Это не вас, моя милая Генриэтта, постигла эта участь? Тогда я был бы очень доволен: во-первых, ты от меня не сбежишь, а во-вторых, ты будешь знать в следующий раз, что значит выходить замуж по любви, в-третьих…, в четвертых…
Пишу из Красноярского парка – хвалили мне его долго и упорно и, как это ни парадоксально, он действительно неплох. [Далее следует довольно длинное описание парка, могучих кедров и проч., которое мы здесь опускаем] [179] . Могучих кедров, впрочем, я не видел.

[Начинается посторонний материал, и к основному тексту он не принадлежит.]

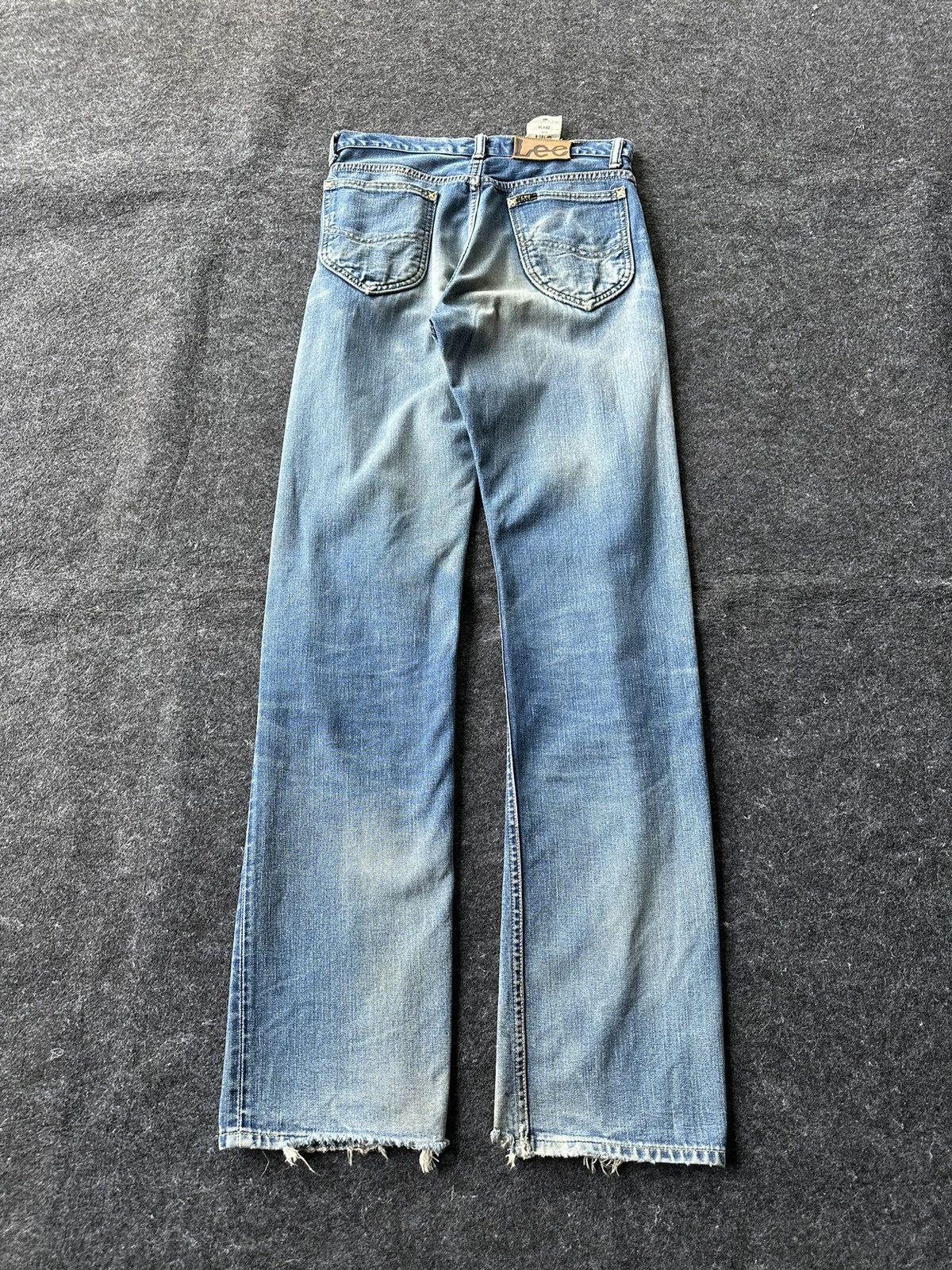 Lee Vintage Rare 50s Lee 101 Half Selvedge Denim 29x34 D444 Size US 29 - 4 Thumbnail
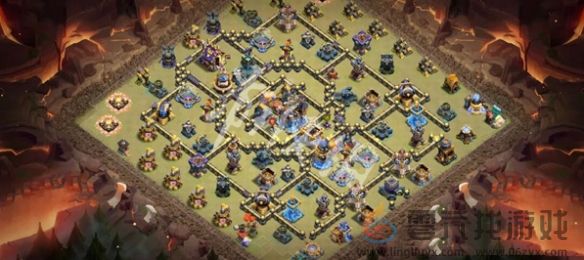 部落冲突18本防守阵型推荐(图2)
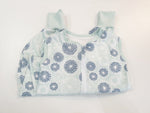 Atelier MiaMia *Mutzelpumper* sleeping bag with feet, size. 50-104 jersey
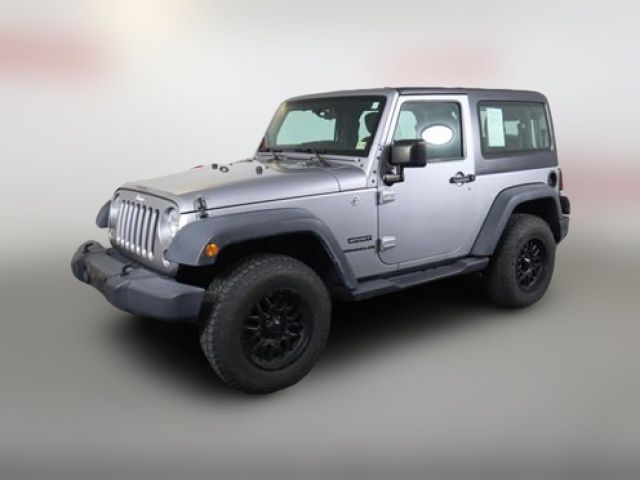 2017 Jeep Wrangler Sport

Мне кажется, что мои письма представляются тебе надуманными. Это неверно. Может быть, они нелепы, но то, что я пишу, получается совершенно спонтанно (самопроизвольно), и по кавардаку, который наполняет мои письма, ты можешь приблизительно судить о том беспорядке, который творится у меня в голове. Приблизительно – потому что в письмах я еще сильно сдерживаю себя.
Ношу с собой курс «Детали машин», но трудно изучать его в парке, думая о тебе, не зная «сопротивления материалов» и ожидая дождя и прописки в милиции.